Punto de Fisión

Eli Wallach, feo porque sí

Eli Wallach no se hacía ilusiones. Por feo ganó el papel que lo llevó a la fama y por feo quería que se le recordara en su epitafio. Así tituló su autobiografía: El bueno, el malo y yo. Un día se enteró de que Sergio Leone andaba haciendo un casting de tipos dificilitos de ver para su siguiente película y se llevó el papel de calle. Ya había hecho algunas apariciones sonadas, especialmente la del bandido Calvera en Los siete magníficos, donde debía contrarrestar con su sola presencia física a una ilíada de héroes que incluía a Steve McQueen, a Yul Brynner, a James Coburn, a Horst Buchholz y a Charles Bronson. En el tercer western de Leone, Wallach equilibró con su formidable mímica el hieratismo mortal de sus dos antagonistas: el Bueno, empedrado en el rostro de Clint Eastwood, y el Malo, que portaba el luto y el cinismo de Lee Van Cleef.

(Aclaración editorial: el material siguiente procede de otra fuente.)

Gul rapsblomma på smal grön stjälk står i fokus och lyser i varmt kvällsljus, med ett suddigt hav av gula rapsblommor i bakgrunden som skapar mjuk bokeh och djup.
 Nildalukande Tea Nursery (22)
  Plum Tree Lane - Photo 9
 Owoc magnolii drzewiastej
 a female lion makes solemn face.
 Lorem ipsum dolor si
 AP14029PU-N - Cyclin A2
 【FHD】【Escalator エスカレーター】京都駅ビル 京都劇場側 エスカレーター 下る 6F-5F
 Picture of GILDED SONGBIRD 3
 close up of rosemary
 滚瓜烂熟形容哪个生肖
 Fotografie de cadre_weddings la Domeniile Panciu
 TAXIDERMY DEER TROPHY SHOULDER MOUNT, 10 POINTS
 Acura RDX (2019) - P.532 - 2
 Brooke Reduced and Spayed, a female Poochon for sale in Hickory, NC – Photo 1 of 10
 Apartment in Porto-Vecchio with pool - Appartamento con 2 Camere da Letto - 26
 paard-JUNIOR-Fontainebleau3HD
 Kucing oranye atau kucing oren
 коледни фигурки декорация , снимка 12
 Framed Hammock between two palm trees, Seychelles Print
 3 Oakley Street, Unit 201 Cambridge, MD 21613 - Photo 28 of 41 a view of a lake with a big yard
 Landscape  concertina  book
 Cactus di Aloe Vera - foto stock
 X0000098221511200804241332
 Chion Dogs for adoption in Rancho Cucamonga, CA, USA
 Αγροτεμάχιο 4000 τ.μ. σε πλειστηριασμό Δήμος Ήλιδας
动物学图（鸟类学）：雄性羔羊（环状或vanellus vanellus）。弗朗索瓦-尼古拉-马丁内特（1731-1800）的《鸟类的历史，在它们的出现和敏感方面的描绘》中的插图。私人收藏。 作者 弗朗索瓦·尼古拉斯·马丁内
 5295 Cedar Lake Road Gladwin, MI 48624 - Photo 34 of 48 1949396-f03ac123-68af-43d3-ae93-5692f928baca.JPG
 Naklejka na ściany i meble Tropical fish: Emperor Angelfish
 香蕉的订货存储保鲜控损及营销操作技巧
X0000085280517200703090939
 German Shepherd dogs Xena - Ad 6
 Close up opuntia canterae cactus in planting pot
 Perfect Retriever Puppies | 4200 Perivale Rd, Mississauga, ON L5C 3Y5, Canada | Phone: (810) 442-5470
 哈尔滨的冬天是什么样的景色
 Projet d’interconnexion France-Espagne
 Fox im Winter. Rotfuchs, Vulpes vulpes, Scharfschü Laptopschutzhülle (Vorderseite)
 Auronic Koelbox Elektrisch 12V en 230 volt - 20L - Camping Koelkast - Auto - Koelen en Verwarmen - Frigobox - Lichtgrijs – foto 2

Cuando se pelearon poco después, porque no quiso protagonizar Once upon Time in the West, Leone dijo de Eastwood que como actor tenía únicamente dos expresiones: con sombrero y sin sombrero. A cambio, Wallach en el rol de Tuco ofrecía tal repertorio de gestos, guiños, sonrisas, muecas y cambios de estado de ánimo que parecía un elenco de Broadway en una sola pieza. La escena de la bañera quedará como uno de los grandes duelos míticos del cine: Tuco está relajándose en un baño de espuma y de repente entra a matarlo un tipo manco. Al verlo desnudo, tumbado en la bañera, el pistolero empieza a largar el típico sermón mortuorio que en su caso resulta fatal; Tuco, desconfiado como él solo, se baña con un revólver en lugar de jabón y le larga cuatro balazos submarinos que lo dejan seco. "Cuando se dispara, se dispara. No se habla".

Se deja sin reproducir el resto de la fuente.